# ECU Reflash?



## Altima_SE-R (Feb 15, 2007)

So I drive an Automatic SER and I know that Technosquare will reflash, and this will raise the redline. They also say they cant change shift points. Does this mean I wont be able to take advantage of the extra RPMs?


----------



## cdmorenot (Dec 22, 2005)

Altima_SE-R said:


> So I drive an Automatic SER and I know that Technosquare will reflash, and this will raise the redline. They also say they cant change shift points. Does this mean I wont be able to take advantage of the extra RPMs?


the shift points are in the shift delay box.... you have to pull the tranny for that...


my friend just got his FX45 done at level 10 performance transmissions in hamburg new jersey... 

he got the monster transmission package... lots of money but the FX is now a bat out of hell... no delay on point shifts...


----------



## adragone1028 (Apr 28, 2007)

Altima_SE-R said:


> So I drive an Automatic SER and I know that Technosquare will reflash, and this will raise the redline. They also say they cant change shift points. Does this mean I wont be able to take advantage of the extra RPMs?
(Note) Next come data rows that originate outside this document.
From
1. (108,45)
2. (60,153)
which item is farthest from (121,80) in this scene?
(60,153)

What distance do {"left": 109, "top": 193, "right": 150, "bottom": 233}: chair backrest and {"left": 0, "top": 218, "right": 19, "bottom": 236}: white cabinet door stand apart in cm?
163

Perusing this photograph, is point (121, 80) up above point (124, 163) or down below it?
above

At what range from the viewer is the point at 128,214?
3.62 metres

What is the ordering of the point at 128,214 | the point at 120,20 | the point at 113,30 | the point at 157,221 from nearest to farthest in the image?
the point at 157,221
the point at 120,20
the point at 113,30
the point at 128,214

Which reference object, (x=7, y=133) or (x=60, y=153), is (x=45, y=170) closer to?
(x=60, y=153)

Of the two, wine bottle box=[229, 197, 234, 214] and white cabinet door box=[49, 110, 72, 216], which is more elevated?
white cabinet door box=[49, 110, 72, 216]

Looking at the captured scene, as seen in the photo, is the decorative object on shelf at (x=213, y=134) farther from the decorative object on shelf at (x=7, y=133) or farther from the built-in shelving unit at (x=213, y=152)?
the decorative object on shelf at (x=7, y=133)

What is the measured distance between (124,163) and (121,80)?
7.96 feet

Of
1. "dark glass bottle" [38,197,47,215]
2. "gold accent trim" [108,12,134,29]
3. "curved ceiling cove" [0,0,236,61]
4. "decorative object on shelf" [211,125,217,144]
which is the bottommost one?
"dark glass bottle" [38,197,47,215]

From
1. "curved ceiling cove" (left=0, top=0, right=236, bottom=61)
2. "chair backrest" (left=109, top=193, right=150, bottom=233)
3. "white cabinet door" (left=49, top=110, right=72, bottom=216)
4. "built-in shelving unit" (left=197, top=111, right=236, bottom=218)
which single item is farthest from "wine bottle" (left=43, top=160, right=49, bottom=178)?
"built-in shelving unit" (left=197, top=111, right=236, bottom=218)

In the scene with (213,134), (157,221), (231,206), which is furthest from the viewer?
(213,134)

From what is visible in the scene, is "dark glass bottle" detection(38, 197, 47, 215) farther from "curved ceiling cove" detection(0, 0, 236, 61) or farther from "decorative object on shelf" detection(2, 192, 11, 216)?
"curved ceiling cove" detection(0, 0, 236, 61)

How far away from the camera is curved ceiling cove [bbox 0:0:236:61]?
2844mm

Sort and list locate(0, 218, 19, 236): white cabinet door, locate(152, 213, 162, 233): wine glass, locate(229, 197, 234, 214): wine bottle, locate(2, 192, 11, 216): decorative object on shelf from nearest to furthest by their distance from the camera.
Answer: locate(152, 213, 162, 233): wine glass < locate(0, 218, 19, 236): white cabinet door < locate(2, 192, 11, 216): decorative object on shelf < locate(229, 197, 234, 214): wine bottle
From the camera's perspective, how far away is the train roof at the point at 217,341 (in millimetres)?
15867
I called up technosquare and I was told that they cannot change their shift points for an automatic. I was told that if you have it in tip-tronic then it will shift at 7100 instead of 6600. This doesn't really make sense to me. It seems that if you have automatic and get the reflash, it will only change the rpm to 7100 when you are in tip-tronic. If you get the reflash, make sure you verify that there is actually a change.


----------



## cdmorenot (Dec 22, 2005)

adragone1028 said:


> I called up technosquare and I was told that they cannot change their shift points for an automatic. I was told that if you have it in tip-tronic then it will shift at 7100 instead of 6600. This doesn't really make sense to me. It seems that if you have automatic and get the reflash, it will only change the rpm to 7100 when you are in tip-tronic. If you get the reflash, make sure you verify that there is actually a change.
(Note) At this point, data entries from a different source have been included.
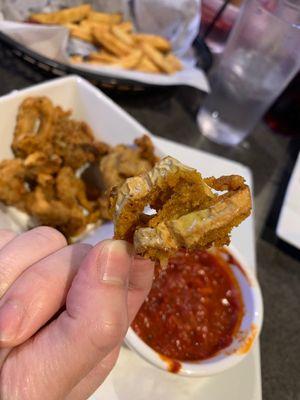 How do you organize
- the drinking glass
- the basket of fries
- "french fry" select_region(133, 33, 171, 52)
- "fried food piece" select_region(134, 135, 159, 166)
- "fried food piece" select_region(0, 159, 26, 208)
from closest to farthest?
"fried food piece" select_region(0, 159, 26, 208) → "fried food piece" select_region(134, 135, 159, 166) → the drinking glass → the basket of fries → "french fry" select_region(133, 33, 171, 52)

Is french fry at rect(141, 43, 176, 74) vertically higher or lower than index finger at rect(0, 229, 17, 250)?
lower

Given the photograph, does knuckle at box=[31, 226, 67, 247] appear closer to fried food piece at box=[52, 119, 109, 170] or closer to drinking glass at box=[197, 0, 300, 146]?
fried food piece at box=[52, 119, 109, 170]

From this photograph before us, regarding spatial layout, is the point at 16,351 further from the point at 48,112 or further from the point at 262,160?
the point at 262,160

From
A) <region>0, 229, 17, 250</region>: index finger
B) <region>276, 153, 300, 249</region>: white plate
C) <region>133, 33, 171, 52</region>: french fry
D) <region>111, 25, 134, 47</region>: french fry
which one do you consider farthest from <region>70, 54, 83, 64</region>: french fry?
<region>0, 229, 17, 250</region>: index finger

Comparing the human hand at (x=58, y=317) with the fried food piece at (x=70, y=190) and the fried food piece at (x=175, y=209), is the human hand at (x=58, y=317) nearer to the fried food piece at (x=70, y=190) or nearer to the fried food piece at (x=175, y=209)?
the fried food piece at (x=175, y=209)

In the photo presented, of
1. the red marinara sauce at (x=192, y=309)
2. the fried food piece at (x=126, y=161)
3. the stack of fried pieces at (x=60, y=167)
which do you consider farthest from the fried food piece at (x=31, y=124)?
the red marinara sauce at (x=192, y=309)

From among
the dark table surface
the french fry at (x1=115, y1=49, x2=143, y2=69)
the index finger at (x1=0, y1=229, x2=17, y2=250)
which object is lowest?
the dark table surface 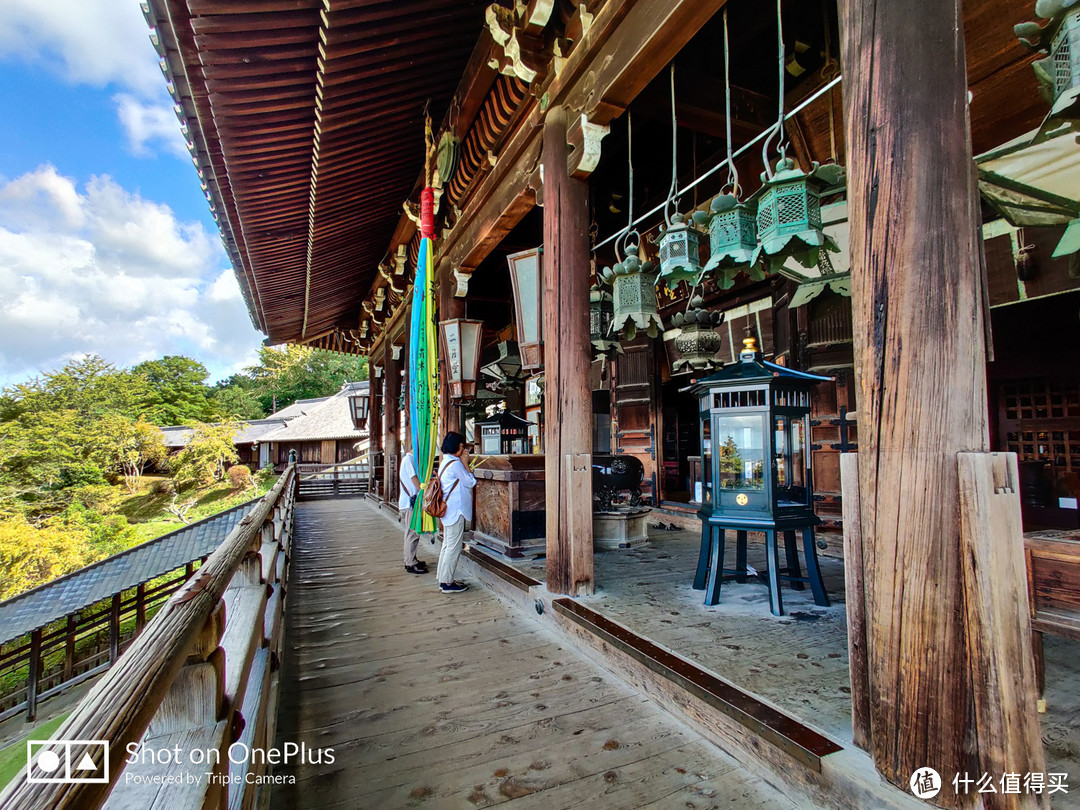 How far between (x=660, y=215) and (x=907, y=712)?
5877mm

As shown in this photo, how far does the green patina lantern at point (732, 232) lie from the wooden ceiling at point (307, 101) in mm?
2563

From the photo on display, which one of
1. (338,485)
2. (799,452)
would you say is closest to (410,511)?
Result: (799,452)

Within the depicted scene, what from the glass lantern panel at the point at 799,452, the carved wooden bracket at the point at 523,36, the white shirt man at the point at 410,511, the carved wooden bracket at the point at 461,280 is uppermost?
the carved wooden bracket at the point at 523,36

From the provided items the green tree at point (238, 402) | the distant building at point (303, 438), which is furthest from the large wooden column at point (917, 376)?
the green tree at point (238, 402)

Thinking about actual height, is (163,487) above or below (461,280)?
below

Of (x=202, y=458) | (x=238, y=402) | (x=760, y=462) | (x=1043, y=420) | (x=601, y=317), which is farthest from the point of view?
(x=238, y=402)

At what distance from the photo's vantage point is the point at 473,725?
Answer: 2271 millimetres

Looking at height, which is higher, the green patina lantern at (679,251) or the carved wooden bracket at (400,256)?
the carved wooden bracket at (400,256)

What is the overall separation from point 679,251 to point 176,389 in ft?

they raise the rev limiter from 6600 to 7100 i don't think they say anything about changing the shift points.....


----------



## Altima_SE-R (Feb 15, 2007)

cdmorenot said:


> they raise the rev limiter from 6600 to 7100 i don't think they say anything about changing the shift points.....


If you look in the FAQ section it mentions it. but it doesnt go much further than that.


----------